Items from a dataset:
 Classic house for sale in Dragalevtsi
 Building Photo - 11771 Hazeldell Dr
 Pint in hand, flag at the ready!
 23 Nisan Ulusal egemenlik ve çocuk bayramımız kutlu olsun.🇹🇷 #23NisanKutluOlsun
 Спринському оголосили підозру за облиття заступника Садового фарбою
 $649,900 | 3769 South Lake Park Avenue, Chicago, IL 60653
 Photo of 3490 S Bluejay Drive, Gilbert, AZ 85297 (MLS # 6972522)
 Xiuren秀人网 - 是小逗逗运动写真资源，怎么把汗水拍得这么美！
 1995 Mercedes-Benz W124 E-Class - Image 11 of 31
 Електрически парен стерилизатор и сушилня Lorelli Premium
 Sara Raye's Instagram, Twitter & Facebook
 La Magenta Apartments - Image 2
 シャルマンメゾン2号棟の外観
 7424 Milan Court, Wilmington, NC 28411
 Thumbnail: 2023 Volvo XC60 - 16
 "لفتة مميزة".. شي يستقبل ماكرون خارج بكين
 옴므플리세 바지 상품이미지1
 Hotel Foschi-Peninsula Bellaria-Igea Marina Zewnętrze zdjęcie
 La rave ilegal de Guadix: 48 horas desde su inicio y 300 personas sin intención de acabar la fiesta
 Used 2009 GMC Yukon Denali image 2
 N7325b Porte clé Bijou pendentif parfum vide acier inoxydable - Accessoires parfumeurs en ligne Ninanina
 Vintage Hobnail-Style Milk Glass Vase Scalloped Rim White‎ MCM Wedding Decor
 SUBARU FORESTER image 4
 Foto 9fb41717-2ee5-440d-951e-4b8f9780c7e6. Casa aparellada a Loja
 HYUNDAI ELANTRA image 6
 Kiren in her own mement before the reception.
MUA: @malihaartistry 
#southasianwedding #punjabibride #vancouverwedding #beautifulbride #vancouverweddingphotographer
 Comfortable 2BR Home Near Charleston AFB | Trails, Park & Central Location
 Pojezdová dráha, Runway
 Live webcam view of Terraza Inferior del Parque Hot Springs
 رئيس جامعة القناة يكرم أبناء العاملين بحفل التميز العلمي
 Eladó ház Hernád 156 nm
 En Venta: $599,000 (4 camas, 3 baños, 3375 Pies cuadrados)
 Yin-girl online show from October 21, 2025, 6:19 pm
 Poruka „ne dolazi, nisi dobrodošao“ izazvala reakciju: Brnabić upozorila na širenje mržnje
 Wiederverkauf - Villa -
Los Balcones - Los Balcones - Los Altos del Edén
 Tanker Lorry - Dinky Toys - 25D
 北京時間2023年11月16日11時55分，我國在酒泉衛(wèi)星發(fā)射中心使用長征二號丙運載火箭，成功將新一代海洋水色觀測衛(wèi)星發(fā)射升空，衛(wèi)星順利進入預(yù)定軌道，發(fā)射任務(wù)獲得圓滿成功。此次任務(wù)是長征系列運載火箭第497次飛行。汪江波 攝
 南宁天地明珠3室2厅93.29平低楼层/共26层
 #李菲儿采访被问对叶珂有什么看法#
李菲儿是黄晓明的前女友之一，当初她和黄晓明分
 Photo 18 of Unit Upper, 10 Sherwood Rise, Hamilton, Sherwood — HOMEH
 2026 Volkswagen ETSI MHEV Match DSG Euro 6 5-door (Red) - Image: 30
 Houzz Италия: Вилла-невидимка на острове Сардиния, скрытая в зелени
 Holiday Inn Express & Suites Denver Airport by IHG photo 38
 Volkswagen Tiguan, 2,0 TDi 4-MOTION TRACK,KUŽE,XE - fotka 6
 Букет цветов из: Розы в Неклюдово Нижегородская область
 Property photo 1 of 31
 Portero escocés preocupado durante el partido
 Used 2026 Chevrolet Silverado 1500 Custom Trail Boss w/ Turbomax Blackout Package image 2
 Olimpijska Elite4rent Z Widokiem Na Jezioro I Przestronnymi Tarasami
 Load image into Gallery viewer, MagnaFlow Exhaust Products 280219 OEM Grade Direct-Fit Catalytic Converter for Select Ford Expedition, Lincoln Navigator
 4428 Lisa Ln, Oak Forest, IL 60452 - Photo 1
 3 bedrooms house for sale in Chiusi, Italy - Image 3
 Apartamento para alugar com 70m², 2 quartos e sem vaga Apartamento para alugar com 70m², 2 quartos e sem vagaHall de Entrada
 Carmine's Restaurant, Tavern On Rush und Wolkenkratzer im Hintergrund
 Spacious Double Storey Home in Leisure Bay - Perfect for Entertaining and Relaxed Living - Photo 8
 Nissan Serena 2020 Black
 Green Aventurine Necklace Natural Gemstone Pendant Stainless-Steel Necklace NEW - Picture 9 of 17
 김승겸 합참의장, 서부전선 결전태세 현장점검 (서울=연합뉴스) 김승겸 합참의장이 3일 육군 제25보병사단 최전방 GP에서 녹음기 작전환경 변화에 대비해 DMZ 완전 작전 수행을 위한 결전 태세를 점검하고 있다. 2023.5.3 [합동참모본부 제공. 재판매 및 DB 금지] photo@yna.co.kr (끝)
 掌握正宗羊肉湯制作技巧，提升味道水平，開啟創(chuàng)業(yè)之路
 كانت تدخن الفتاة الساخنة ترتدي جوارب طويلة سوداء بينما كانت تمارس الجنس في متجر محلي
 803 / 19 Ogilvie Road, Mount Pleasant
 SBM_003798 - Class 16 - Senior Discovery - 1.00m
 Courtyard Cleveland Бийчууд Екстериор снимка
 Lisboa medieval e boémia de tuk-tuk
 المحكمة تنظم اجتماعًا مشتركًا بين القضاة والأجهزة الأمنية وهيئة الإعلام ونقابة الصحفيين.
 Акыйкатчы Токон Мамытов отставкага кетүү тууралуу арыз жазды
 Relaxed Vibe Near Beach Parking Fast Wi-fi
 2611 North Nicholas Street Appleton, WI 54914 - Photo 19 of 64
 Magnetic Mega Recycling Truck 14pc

AIM OF THE EXERCISE: Reproduce each line above that contains "Volkswagen".

PROBLEM SOLUTION:
 2026 Volkswagen ETSI MHEV Match DSG Euro 6 5-door (Red) - Image: 30
 Volkswagen Tiguan, 2,0 TDi 4-MOTION TRACK,KUŽE,XE - fotka 6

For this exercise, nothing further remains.